J’avais lentement ouvert les yeux. J’y avais vu des draps tout neufs et des cheveux encore plus blancs et lustrés. J’avais senti la texture soyeuse entre mes doigts, et quand je les avais caressés, une légère odeur féminine s’était répandue dans l’air.

Son souffle apaisé avait chatouillé ma clavicule. Elle avait l’air tellement sans défense, endormie dans le lit, et elle s’était accrochée à moi avec ses deux bras et une expression paisible.

Son cou pâle, ses cils d’une longueur captivante… Je pouvais sentir sa chaleur à travers le tissu fin de son pyjama. Quelque chose s’était emparé de moi et j’avais attrapé son dos, et mes mains s’étaient posées sur sa taille et son dos minces.

Encore plongée dans son sommeil, elle avait soudainement émis un joli bruit de somnolence. Alors que je fixais ses lèvres pleines, Marie avait lentement ouvert les yeux. J’avais peut-être attendu ce moment. Je voulais voir le moment où ses yeux améthystes s’ouvriraient alors qu’elle se réveillait ici au Japon.

Il y a certaines choses qui la différencient des humains. Ses yeux brillaient comme des pierres précieuses, et sa peau parfaitement lisse ne demandait qu’à être touchée.
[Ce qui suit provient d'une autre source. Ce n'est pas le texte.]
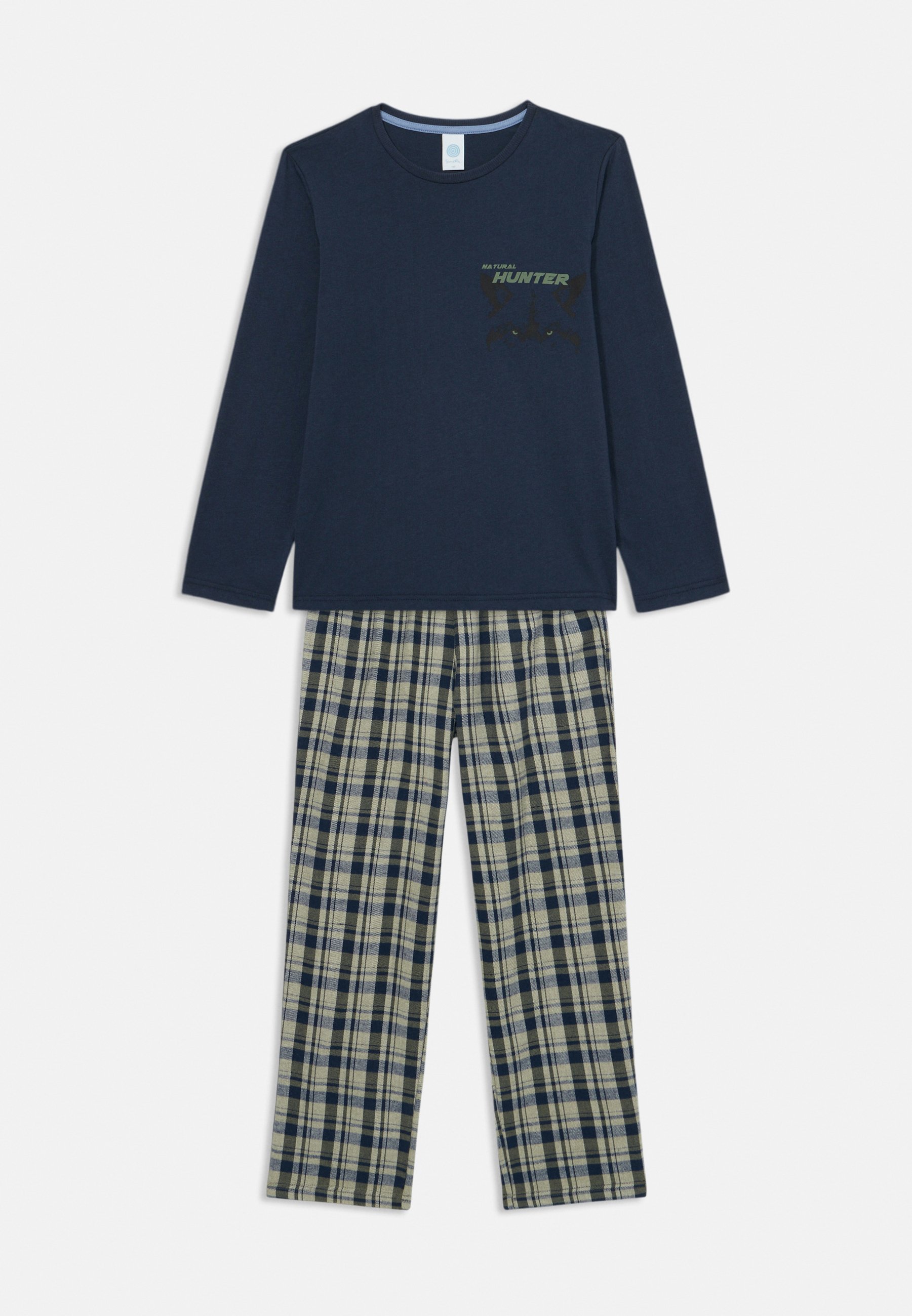 Pantalon Pyjama Unisexe Sanetta - Velours Confortable - Taille élastique Avec Poignets Ajustables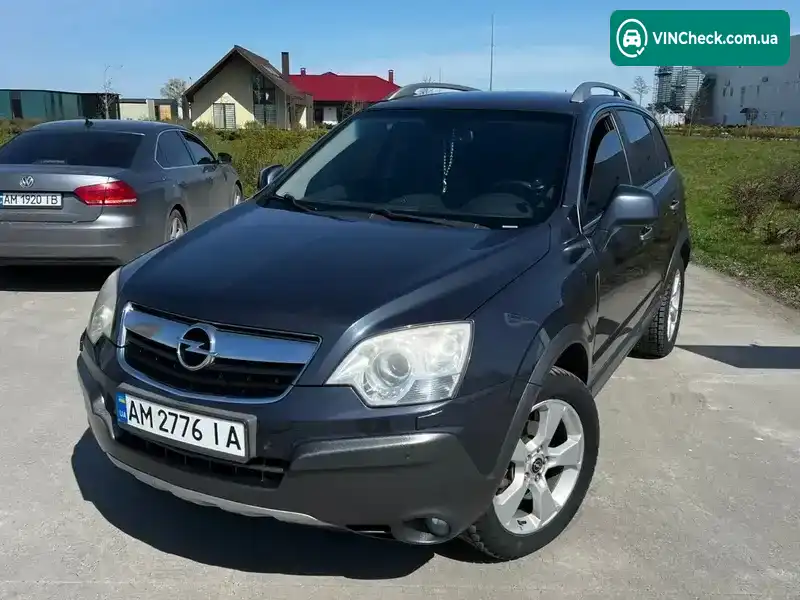 Opel Antara 2007, фото з оголошення 1 з 16, VIN W0LLA63F970101785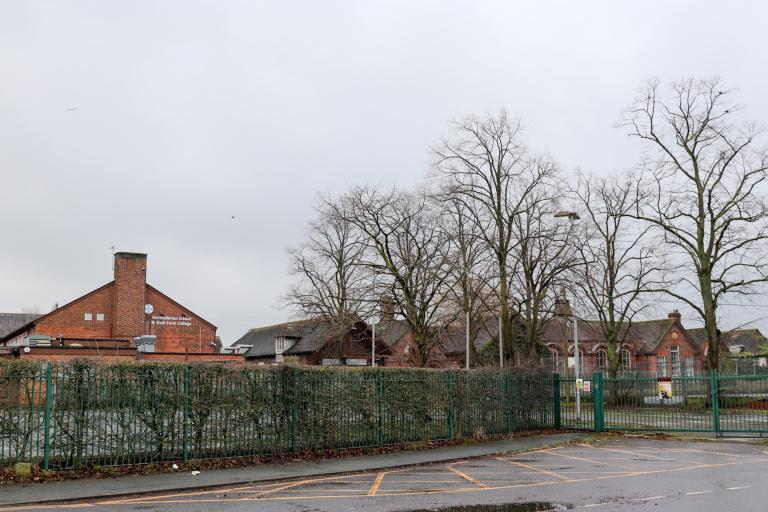 The former Grammar School site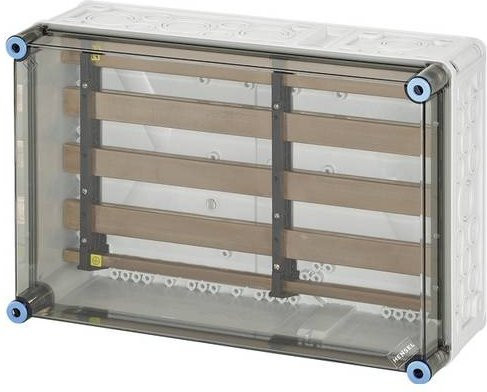 Hensel Verteilerschrank Mi 6359 Aufputz aus Kunststoff in Weiß - Bild 1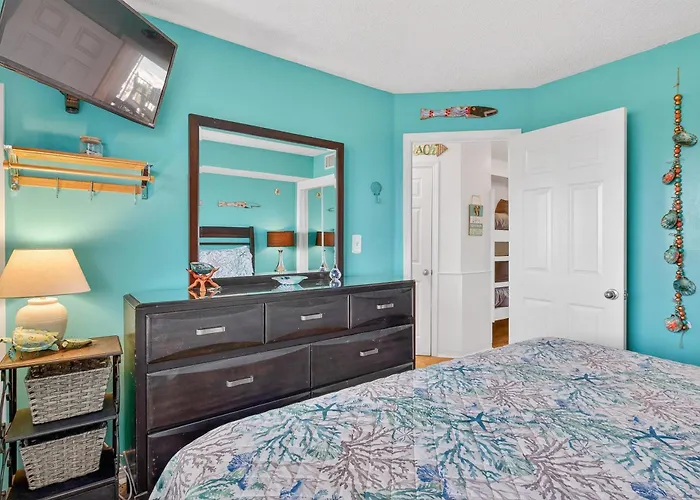 Holiday home 6405 Plantation-palms Gulf Shores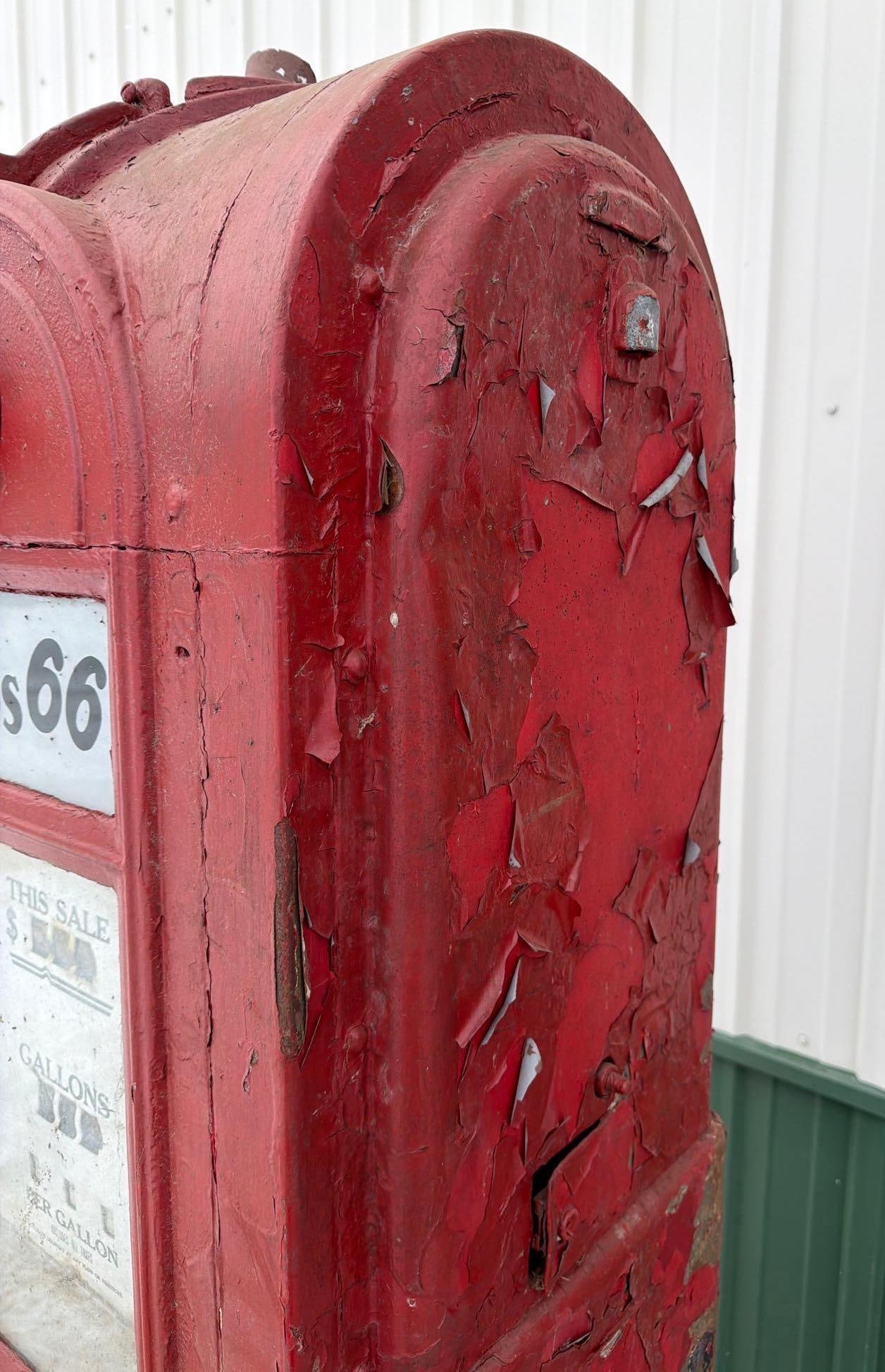 Wayne Model #60 Computing Gas Pump - 12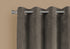2 Pieces Set Room Darkening Curtain Panels with Grommet - Contemporary Style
Je ne savais pas si c’était un trait commun aux elfes, ou si cela faisait partie du charme naturel de Mariabelle.

À ce moment-là, Marie avait posé sa cuisse sur ma hanche et s’était accrochée à moi pour que nos ventres se touchent. Je savais qu’elle était encore à moitié endormie, mais c’était un peu trop. Marie ne semblait pas se soucier de ma détresse et frissonnait. Elle avait ensuite laissé échapper un adorable bâillement et m’avait regardé de ses yeux violets et humides.

« Hee hee, le week-end est enfin arrivé. Je me demande quelle aventure amusante tu me réservas cette fois-ci ? Si tu ne penses à rien, je te fais faire des imitations. »

« Pourquoi des imitations ? Quoi qu’il en soit, je vais te donner quelques idées, alors tu me diras si l’une d’entre elles te semble intéressante ? »

Marie avait accepté et elle s’était assise, puis elle était montée sur moi pour une raison quelconque. Le geste était assez inoffensif, mais la chaleur de ses fesses pressées contre moi avait fait battre mon cœur plus vite.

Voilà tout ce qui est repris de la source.